Fitting a Normal Distribution (comparison with stan, PyMC)


#1

I’ve written a super simple example trying to recover the scale and location of a normal distribution in edward, pymc3, and pystan. It’s for my own purposes, but I thought it might be interesting here to show the differences between the APIs.

My pymc3 and stan examples are working fine, but I’m getting some unexpected results from the edward implementation.

  • Estimated scale parameter mean varies a lot (around 0.1-0.2 for a scale of 1.5) from run to run for KLqp
  • Estimation fails entirely for HMC

The repository with each of the implementations is here, if anyone is interested. I made sure that the specification was the same across each example. At a high level, the advi implementation in pymc seems to be producing more stable results for a given runtime.


#2

Thanks for the comparison! That was interesting. Here are some tips:

  1. You can write the model more simply as
y = NormalWithSoftplusScale(loc=mu, scale=inv_softplus_sigma, sample_shape=N)
  1. ed.KLqp got to the answer in very few iterations and simply perturbed around the answer over more iterations. You can more stable scale parameters across runs using a smaller learning rate.
  2. Never believe in automatic algorithms. They can give a false sense of security in toy problems and failure in real problems. In particular, ed.HMC here is not automatic: you need to tune the step size parameter and number of leapfrog steps.

In general, successes/failures on a normal-normal model are not illuminating because they may not be indicative of real successes/failures. For example, decide on a real-world task such as Bayesian neural network classification on MNIST. How easy is it in the PPL to specify the program, inference, and evaluation metric? Which is most automatic? Which is most flexible with respect to the model and/or inference? Which is fastest? Which had the best documentation to help with this experiment?


#3

Hey Dustin, thanks for the reply, Edward’s approach is by far my favourite, even if it does lack the bells and whistles of the more mature libraries.

  1. That’s way cleaner, thanks.
  2. Good to know, I tried to find where to set the learning rate in the docs but have come up short. Is it strictly part of edward’s API? Or is it one of the kwargs that gets passed down to the tensorflow optimiser?
  3. Still having trouble with this one. No matter what value I’m setting for step_size and n_steps I’m getting a flat 0.000 acceptance rate on every run. Is this because HMC isn’t doing warm up?

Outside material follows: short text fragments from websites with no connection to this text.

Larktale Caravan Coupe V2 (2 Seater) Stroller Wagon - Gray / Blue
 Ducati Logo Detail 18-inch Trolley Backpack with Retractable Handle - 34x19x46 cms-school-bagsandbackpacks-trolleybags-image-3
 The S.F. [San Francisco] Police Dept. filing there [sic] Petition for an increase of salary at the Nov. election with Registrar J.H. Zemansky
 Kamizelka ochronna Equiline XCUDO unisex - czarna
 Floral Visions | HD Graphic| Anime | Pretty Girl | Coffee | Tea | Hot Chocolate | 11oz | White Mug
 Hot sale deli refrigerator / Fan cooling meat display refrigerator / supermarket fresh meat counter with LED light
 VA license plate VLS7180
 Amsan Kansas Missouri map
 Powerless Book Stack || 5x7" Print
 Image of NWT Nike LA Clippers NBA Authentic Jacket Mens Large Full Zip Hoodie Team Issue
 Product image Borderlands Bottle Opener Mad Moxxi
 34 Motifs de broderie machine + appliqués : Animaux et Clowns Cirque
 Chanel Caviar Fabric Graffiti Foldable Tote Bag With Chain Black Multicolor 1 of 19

That’s a fair point. My current use case is around time series, so correct estimation of errors is more important to me than dealing with high dimensional parameter spaces, like with bayesian neural networks. Also I’m a firm believer in recovering parameters from simulated data before using real data, and a static normal distribution is a baseline I’ll use to compare to more complex models, so it’s a toy example, but one that I need to work.

I’d like to understand the algorithms in Edward a little more though, could you point me to the paper for KLqp?


#4

It’s one of the arguments to the optimizer. For example,

optimizer = tf.train.AdamOptimizer(learning_rate=1e-3)
inference.run(optimizer=optimizer)

You can find more doc in TensorFlow’s tf.train.Optimizer API.

Zero acceptance rate implies the sample is always being rejected. You should lower the step_size to avoid too large proposals. Tuning it alongside the number of leapfrog steps, the following gets good results. Note I also took the mean over the last 1000 samples and ignored the first 1000.

import edward as ed
import numpy as np
import tensorflow as tf

from edward.models import (
    Empirical,
    Normal,
    NormalWithSoftplusScale,
)

MU = 6.0
SIGMA = 1.5
N = 1000

# DATA
y_train = np.random.normal(MU, SIGMA, [N])

# MODEL
mu = Normal(loc=0.0, scale=5.0)
inv_softplus_sigma = Normal(loc=0.0, scale=1.0)
y = NormalWithSoftplusScale(loc=mu, scale=inv_softplus_sigma, sample_shape=N)

q_mu = Empirical(params=tf.Variable(tf.random_normal([2000])))
q_inv_softplus_sigma = Empirical(params=tf.Variable(tf.random_normal([2000])))

# INFERENCE
inference = ed.HMC({mu: q_mu, inv_softplus_sigma: q_inv_softplus_sigma},
                   {y: y_train})
inference.run(step_size=0.003, n_steps=5)

print(tf.reduce_mean(q_mu.params[1000:]).eval())
print(tf.nn.softplus(tf.reduce_mean(q_inv_softplus_sigma.params[1000:])).eval())

On my Laptop’s CPU, this returns

2000/2000 [100%] ██████████████████████████████ Elapsed: 8s | Acceptance Rate: 0.999
6.01639
1.50348

#5

Thanks Dustin, that makes things super clear, especially around how burn in works with MCMC in edward. Have updated things on my end and it’s all working!

Per your suggestion, will give edward a go on a real world problem now that I have the basics down.